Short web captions
━━━━━━━━━━━━━━━━━━━━
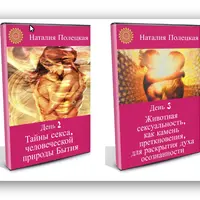 Сексомагия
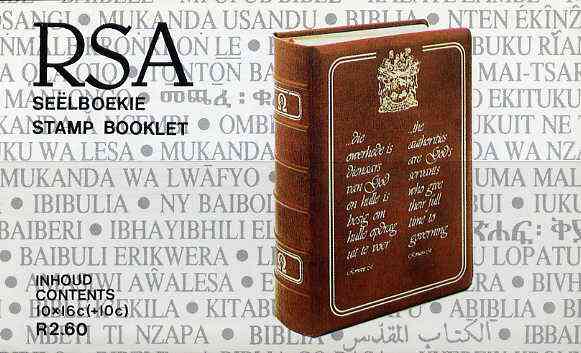 South Africa 1987-88 National Flood Relief Fund #2 (Bible) 2r60 booklet complete and pristine, SG SB21, stamps on , stamps on  stamps on disasters, stamps on  stamps on flood, stamps on  stamps on religion, stamps on  stamps on bibles, stamps on  stamps on languages, stamps on  stamps on weather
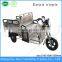 Cargo delivery electric trike tricycle rickshaw for sale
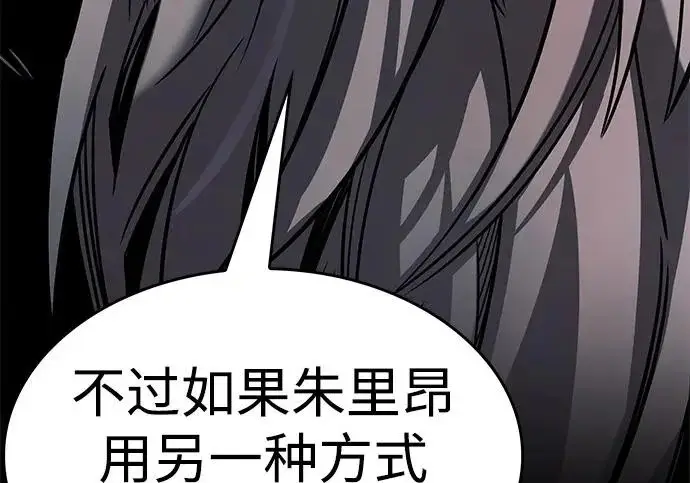 漫画《觉醒吧，铲屎官！》第400话第32张图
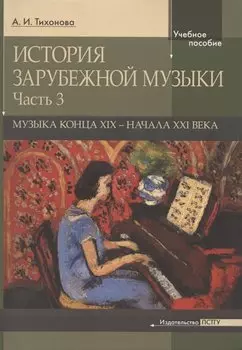 История зарубежной музыки. Часть 3. Музыка конца XIX-начала XXI века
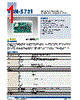 ROM-5721CS-RDA2E Datasheet HTML 1Page - Advantech Co., Ltd. 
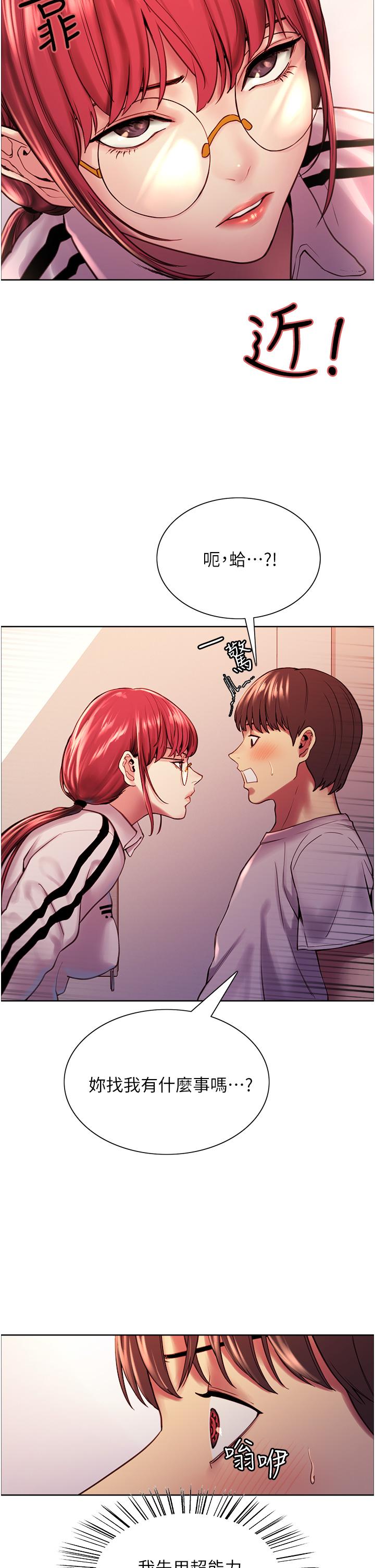 第3話-區區處女還敢囂張 - 第24.jpg页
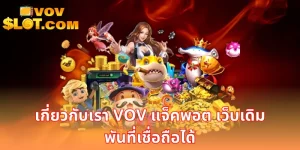 เกี่ยวกับเรา VOV แจ็คพอต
━━━━━━━━━━━━━━━━━━━━
Can the entries above be repeated exactly, without their pictures?

 Сексомагия
 South Africa 1987-88 National Flood Relief Fund #2 (Bible) 2r60 booklet complete and pristine, SG SB21, stamps on , stamps on  stamps on disasters, stamps on  stamps on flood, stamps on  stamps on religion, stamps on  stamps on bibles, stamps on  stamps on languages, stamps on  stamps on weather
 Cargo delivery electric trike tricycle rickshaw for sale
 漫画《觉醒吧，铲屎官！》第400话第32张图
 История зарубежной музыки. Часть 3. Музыка конца XIX-начала XXI века
 ROM-5721CS-RDA2E Datasheet HTML 1Page - Advantech Co., Ltd. 
 第3話-區區處女還敢囂張 - 第24.jpg页
 เกี่ยวกับเรา VOV แจ็คพอต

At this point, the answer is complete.